A 25 cent gasoline tax, reportedly endorsed by President Donald Trump, would help wipe out 60 percent of the benefit from the tax breaks he recently signed into law for individuals, according to Strategas Research.
Daniel Clifton, Strategas’ head of policy research, said the increase in gasoline prices would also be nine times larger than the estimated $4 billion workers are receiving from employers due to the corporate tax cut.
The gasoline tax, now 18.4 cents per gallon, has not been raised since 1993 when Bill Clinton was in the White House. Gary Cohn, White House economic advisor, has been discussing a gasoline tax raise.
Government data already show an increase in gasoline prices of 20 cents per gallon this year, costing consumers about $34 billion, he noted.
“The proposed gasoline tax increase adds another $0.25 per gallon. The combined $0.45 per [gallon] increase in gasoline prices eats away $71.6 billion from the $120 billion in individual tax cuts, or 60 percent of the net tax savings for consumers,” Clifton wrote in a note.
Trump reportedly endorsed hiking the federal gas and diesel tax by 25 cents. Democratic Sen. Tom Carper of Delaware said Trump said he’d be willing to provide leadership on the increase to pay for improvements to roads, highways and bridges.
The average national price of gasoline Thursday was $2.55 per gallon, down from $2.60 a week ago, but well above last year’s $2.28 per gallon, according to AAA. Diesel fuel was selling for an average $2.98 per gallon, up from $2.51 per gallon a year ago.

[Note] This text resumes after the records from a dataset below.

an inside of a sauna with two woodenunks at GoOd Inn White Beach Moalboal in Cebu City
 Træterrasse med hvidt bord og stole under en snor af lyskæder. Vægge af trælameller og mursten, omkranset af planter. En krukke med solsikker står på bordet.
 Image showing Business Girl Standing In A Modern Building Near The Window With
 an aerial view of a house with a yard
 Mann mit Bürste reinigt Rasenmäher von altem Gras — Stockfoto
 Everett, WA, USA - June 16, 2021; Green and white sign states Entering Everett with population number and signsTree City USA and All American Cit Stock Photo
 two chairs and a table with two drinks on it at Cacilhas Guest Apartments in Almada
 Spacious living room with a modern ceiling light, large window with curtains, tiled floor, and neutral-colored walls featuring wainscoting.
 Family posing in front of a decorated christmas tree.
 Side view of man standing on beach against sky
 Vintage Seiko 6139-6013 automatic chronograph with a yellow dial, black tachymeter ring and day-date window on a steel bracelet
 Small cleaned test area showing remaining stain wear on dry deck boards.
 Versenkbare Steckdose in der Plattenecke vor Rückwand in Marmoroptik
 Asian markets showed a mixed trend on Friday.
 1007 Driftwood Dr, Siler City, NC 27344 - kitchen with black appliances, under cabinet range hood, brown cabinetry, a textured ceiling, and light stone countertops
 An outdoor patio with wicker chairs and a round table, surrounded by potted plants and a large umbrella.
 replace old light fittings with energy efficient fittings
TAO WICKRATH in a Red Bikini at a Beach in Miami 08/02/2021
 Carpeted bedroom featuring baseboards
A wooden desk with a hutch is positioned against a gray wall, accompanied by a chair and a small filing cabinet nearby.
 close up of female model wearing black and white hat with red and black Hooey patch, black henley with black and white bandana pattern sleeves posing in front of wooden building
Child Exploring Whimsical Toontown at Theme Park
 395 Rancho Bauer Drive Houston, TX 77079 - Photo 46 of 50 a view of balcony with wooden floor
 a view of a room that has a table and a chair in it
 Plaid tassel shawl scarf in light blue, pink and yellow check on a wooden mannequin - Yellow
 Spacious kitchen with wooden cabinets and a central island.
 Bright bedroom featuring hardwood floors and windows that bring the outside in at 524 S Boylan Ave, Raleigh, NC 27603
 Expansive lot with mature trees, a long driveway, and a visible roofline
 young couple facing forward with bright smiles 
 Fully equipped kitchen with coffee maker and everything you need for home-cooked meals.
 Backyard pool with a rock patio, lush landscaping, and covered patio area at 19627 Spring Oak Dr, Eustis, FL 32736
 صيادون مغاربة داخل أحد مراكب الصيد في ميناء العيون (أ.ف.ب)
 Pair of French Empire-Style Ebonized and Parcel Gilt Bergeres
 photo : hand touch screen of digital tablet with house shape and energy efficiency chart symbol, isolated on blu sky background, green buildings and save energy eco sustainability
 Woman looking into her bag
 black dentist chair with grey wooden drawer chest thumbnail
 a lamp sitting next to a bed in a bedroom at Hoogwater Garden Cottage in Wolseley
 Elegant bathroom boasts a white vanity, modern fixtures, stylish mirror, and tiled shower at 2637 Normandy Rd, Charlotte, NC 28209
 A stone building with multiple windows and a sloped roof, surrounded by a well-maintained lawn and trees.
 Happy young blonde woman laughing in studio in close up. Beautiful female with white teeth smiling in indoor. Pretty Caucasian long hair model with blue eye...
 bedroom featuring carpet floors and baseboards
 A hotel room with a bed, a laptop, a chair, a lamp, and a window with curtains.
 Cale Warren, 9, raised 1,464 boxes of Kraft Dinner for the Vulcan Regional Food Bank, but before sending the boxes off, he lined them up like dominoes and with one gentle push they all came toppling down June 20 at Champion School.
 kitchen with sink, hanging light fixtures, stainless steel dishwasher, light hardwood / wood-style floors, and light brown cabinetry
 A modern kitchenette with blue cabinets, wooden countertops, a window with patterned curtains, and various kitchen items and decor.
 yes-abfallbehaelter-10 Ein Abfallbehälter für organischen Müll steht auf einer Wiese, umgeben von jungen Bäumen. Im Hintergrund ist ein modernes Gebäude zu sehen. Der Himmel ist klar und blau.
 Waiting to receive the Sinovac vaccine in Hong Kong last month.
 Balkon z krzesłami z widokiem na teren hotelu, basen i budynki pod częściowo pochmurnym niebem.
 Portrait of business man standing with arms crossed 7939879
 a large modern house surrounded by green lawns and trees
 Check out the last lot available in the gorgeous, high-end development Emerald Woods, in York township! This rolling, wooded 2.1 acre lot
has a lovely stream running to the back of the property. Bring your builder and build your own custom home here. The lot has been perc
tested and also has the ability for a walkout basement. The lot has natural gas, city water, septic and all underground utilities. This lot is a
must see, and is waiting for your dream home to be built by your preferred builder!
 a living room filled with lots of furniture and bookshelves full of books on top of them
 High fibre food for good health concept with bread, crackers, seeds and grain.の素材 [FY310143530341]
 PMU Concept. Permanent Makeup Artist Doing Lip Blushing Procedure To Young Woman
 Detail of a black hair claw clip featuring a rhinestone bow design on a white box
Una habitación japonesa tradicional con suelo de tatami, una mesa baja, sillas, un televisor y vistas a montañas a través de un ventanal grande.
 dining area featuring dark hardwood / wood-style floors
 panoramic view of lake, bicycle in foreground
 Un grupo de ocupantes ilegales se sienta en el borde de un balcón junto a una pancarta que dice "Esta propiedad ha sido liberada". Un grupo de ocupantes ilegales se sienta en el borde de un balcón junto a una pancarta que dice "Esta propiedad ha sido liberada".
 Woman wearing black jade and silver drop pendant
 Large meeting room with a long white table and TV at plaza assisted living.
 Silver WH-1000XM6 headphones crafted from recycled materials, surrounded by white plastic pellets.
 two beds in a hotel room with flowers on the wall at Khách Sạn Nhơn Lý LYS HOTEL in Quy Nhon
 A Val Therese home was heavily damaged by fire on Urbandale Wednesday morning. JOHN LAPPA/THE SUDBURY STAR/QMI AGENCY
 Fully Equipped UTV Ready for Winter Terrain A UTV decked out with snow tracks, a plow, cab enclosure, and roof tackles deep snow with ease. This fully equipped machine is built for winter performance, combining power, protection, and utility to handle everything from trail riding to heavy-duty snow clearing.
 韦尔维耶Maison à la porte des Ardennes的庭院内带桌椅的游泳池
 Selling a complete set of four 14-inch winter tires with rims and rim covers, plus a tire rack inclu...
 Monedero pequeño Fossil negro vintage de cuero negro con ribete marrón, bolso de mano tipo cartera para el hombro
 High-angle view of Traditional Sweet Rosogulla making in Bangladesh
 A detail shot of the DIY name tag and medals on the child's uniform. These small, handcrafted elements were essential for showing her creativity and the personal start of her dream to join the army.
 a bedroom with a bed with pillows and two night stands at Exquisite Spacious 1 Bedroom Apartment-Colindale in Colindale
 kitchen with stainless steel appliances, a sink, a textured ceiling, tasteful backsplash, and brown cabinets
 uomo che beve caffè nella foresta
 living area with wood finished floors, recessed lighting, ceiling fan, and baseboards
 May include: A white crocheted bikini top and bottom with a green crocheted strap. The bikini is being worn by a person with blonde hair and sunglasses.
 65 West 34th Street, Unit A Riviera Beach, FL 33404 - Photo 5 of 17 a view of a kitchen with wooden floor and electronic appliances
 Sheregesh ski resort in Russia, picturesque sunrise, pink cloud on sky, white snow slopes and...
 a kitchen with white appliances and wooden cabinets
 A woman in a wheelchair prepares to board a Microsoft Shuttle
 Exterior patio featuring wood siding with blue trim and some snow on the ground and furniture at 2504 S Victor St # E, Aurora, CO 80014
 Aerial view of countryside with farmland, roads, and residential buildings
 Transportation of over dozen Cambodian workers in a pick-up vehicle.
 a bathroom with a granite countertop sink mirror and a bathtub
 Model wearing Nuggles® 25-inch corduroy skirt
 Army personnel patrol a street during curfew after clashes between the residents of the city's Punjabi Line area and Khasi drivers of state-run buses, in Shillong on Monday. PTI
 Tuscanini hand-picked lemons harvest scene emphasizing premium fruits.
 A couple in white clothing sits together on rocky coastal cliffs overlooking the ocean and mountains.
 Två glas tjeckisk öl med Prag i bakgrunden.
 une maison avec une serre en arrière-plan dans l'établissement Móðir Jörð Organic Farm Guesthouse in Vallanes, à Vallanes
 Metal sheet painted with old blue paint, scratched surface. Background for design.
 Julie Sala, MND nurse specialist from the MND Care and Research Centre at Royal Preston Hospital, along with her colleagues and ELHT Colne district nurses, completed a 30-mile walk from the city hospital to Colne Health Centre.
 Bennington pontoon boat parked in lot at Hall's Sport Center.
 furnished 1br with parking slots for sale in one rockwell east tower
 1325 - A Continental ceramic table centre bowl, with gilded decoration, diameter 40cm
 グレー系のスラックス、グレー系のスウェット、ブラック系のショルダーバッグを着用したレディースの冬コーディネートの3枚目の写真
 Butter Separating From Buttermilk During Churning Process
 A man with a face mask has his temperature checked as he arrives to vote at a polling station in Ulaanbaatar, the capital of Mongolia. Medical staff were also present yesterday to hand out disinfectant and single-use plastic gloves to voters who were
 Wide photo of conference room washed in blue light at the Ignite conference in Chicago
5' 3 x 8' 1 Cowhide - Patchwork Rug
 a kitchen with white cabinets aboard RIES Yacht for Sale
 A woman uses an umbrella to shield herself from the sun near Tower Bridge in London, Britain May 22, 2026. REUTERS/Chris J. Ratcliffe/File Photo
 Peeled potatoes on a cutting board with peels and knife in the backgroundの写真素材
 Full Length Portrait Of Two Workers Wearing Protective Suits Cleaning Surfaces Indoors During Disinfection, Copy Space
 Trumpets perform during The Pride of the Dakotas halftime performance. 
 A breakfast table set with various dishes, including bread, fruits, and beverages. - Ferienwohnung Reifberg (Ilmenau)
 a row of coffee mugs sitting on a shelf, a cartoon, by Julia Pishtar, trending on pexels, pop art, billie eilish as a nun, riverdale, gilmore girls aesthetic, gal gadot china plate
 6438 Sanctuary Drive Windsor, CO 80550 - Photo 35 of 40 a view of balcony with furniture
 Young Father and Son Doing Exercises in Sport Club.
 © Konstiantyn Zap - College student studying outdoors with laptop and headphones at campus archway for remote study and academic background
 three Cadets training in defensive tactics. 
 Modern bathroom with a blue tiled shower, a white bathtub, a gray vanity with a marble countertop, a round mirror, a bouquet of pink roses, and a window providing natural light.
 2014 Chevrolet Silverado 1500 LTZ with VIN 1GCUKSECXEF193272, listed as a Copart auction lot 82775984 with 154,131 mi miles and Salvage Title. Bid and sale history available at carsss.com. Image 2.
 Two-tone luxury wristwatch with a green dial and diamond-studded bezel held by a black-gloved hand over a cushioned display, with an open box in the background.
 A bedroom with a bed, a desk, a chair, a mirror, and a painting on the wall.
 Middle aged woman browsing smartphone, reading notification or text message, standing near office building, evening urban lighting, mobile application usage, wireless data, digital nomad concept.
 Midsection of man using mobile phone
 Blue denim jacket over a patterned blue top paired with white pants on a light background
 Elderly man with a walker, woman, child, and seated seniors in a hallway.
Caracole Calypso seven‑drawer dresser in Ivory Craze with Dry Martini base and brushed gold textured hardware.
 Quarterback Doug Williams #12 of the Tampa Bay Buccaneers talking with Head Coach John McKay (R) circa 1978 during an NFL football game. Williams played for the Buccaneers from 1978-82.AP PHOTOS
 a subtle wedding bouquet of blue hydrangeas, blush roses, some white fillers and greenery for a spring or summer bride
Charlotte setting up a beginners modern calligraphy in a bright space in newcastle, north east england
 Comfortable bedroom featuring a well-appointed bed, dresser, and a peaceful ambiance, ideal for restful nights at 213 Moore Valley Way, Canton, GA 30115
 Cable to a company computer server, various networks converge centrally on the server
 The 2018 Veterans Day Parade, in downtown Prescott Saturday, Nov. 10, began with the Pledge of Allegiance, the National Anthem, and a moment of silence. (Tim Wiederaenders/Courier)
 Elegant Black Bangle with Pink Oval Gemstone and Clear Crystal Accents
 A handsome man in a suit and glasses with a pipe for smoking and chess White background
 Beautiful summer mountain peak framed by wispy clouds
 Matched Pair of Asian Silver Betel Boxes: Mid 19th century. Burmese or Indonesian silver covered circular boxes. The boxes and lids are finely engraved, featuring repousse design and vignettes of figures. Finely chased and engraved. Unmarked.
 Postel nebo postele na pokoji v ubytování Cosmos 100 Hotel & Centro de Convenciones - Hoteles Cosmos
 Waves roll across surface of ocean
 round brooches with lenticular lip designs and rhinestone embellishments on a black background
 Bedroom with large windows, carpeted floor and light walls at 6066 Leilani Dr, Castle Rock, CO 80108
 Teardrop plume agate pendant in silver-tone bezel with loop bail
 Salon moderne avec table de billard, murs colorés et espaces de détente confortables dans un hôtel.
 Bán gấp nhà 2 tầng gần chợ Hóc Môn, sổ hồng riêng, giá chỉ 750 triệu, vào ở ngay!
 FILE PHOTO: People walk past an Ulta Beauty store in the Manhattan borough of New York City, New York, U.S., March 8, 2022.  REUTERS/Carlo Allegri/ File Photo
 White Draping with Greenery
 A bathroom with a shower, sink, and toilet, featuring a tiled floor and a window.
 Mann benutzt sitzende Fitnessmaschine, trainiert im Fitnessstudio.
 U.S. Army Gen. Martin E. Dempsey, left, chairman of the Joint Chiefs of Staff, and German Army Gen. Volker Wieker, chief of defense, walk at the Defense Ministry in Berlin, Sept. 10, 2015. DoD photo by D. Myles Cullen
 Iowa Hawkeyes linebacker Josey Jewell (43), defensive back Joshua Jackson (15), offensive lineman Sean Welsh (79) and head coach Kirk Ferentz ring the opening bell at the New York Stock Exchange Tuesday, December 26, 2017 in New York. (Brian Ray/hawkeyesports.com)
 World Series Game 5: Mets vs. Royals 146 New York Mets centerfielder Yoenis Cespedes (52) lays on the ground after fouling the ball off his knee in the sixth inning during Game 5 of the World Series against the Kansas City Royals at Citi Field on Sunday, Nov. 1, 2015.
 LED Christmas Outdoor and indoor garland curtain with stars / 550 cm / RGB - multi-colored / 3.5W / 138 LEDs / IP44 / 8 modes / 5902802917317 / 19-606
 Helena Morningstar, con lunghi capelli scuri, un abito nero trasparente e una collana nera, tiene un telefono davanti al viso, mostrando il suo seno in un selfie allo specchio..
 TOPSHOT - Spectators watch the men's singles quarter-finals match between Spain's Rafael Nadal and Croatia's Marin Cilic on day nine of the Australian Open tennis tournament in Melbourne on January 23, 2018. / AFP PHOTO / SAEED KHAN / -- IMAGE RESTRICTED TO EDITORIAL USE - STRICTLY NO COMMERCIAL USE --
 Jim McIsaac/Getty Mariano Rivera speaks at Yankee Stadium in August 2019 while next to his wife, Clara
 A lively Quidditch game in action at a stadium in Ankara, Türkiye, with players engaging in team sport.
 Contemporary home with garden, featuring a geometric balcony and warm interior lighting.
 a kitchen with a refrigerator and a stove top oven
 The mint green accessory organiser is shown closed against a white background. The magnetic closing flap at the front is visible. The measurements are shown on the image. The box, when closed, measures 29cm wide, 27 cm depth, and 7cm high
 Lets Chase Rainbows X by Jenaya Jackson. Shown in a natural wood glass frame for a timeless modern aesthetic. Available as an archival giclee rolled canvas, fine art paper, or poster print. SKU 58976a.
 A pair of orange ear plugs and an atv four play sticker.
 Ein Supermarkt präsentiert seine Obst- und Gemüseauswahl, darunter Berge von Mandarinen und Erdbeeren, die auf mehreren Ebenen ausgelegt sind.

For an average family, the proposed 25 cent jump in the gasoline tax could become noticeable quickly. For instance, a 12-gallon fill-up would cost $3 more with the new tax.
Strategas charted the negative correlation of a president’s approval rating and rising gasoline prices, not a positive for the Republican Party ahead of midterm elections. Post tax bill, Democrats’ lead in the generic ballot has been falling.
Clifton notes that by Friday, 90 percent of workers will see higher take-home pay in their weekly paychecks, giving Americans a raise all at the same time.
U.S. energy production could be a cushion against inflation, as higher prices encourage more production. “The recent move in yields has correlated well with the price of oil but as soon as oil prices hit $65 per barrel, the spigots for US oil production were turned back on. An increase in gasoline taxes would offset this,” Clifton wrote.